A week ago, did anyone out there really believe that Sunday would end with Tennessee basketball players standing on chairs at Thompson-Boling Arena waving to a jubilant crowd of 21,936?
Or that a beaming Bruce Pearl would be helping the flag guy wave the giant orange flag?
What a day in Tennessee men's basketball history.
All the more so because what a week it has been in Tennessee basketball history.
My last image of Sunday was UT fans pointing their cell phone cameras at the scoreboard and snapping pictures of the surprising story it told:
Shorthanded Tennessee 76, No. 1 Kansas 68.
"Before the game,'' sophomore Renaldo Woolridge said, "little Pearl, Steve Pearl, told me we were the only people in this gym that know we're going to win this game.
"And that's how it had to be. We're a family. We had to stick together.''
Renaldo Woolridge. Kenny Hall. Josh Bone. Skylar McBee. And, yes, even Steven Pearl. All were heroes in their own way on a day when the Vols wrote the national college basketball headline and forged a new chapter in UT basketball lore.
Tennessee's A-list guys came though, too.
Scotty Hopson, UT's most gifted player, rose to the occasion, adjusting his game to score 11 of his 17 points in the second half.
Bobby Maze played the game of his life, matched against one of the best point guards in America, Sherron Collins.
Wayne Chism and J.P. Prince made timely contributions when they weren't on the bench in foul trouble.

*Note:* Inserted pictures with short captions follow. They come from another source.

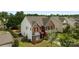 Aerial view showcasing the home's brick and vinyl facade, landscaping, and fenced yard at 2018 Rockycreek Ln, Monroe, NC 28112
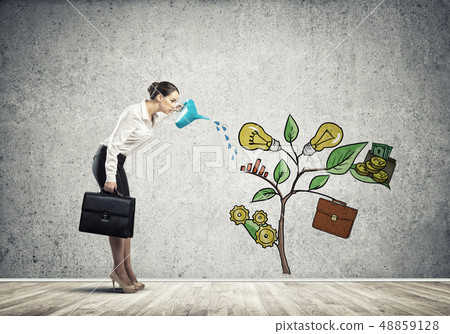 Young businesswoman in empty room watering drawn growth concept with can 48859128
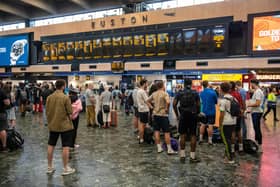 Rail passengers wait for announcements at Euston train station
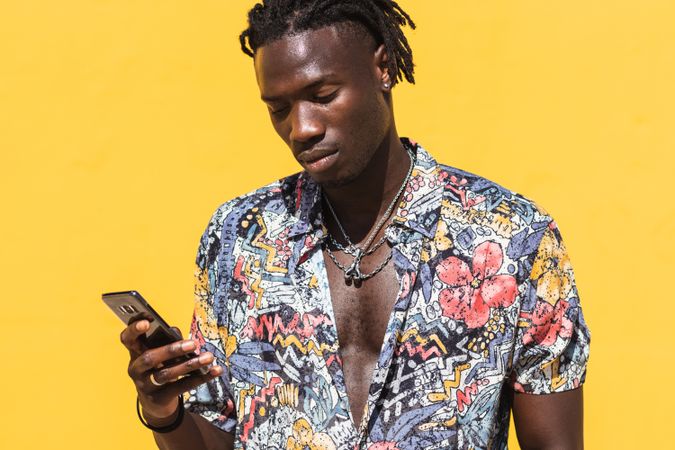 Stylish Black man in colorful shirt with smartphone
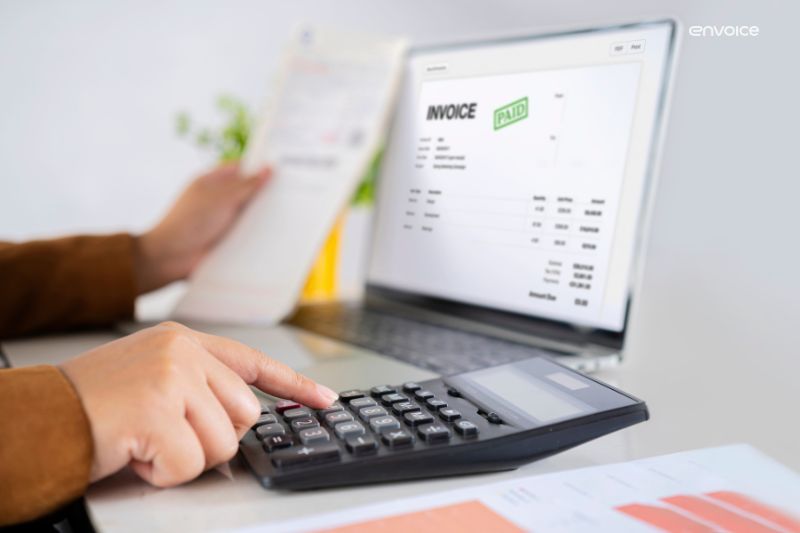 Automated invoice processing on a laptop screen with a 'Paid' status, as a person uses a calculator for financial tasks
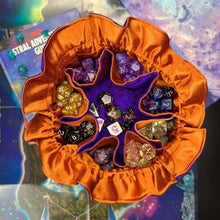 Load image into Gallery viewer, A purple and orange dice bag sits open on a gaming table. Inside, the pockets are filled with colorful dice.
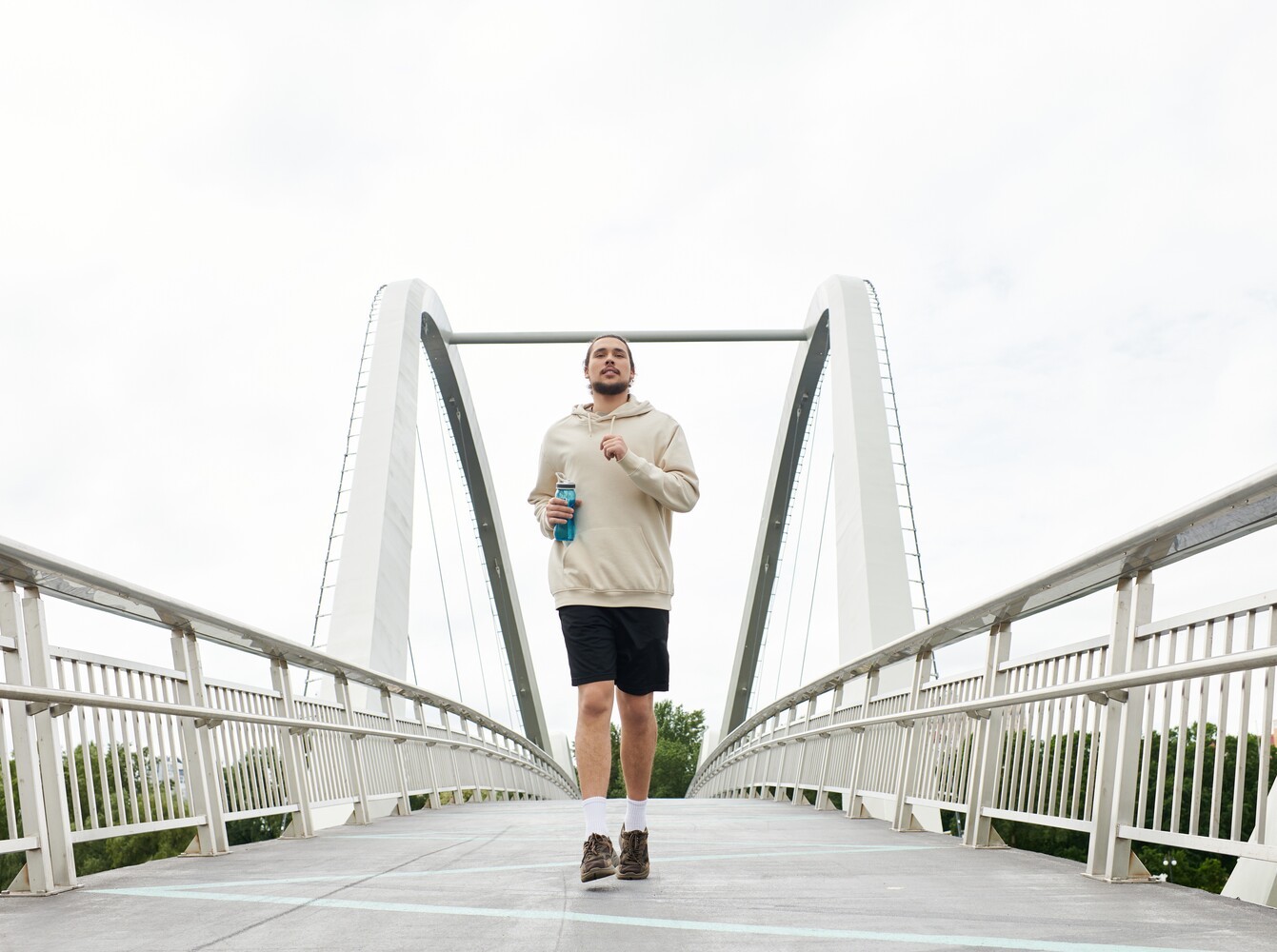 young man going for a jog outside to supplement his weight loss with pilates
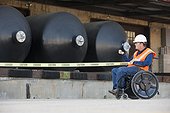 Facilities engineer in a wheelchair pulling caution tape in front of chemical storage tanks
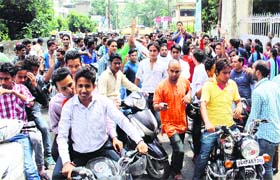 Students take out a scooter rally during a strike in Dehradun on Monday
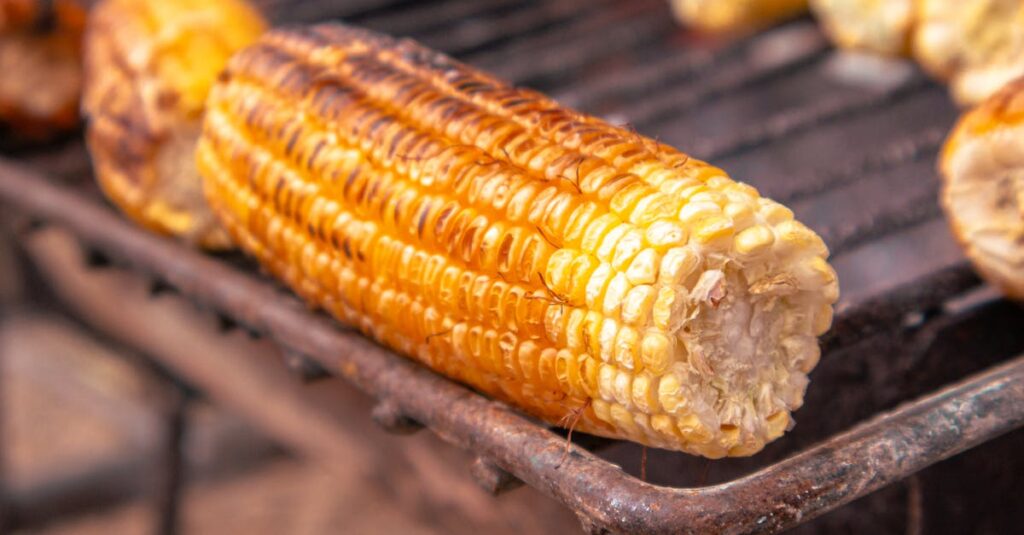 Close-up of grilled corn on the cob over a charcoal grill, capturing its golden texture and appetizing look.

But this win was about the guys who stepped up to fill the void created by the New Year's Day fiasco, the traffic stop that turned into a saga of guns and drugs.
Tyler Smith, dismissed on Friday, made no clutch plays Sunday. Nor will he the rest of the way.
Even if Cameron Tatum, Melvin Goins and Brian Williams return from indefinite suspension they will regret they played no part in a magical win over Kansas.
Woolridge, a starter now instead of a project, showed up big on the big stage with 14 points and eight rebounds in 34 minutes.
With Chism in foul trouble, Hall, the freshman, did all he could to make life difficult for Kansas aircraft carrier Cole Aldrich.
"This sends a very important message,'' Pearl said. "When things aren't going your way right away, you've got two choices. You can pack your bags and try to find a green pasture someplace else. Or, you can stay because your opportunity is going to come.
"I give Kenny and Renaldo great credit, and their families tremendous credit, for just hanging in there.''
Bone, who left a scholarship at Southern Illinois to play without one in his home state, contributed 12 solid minutes.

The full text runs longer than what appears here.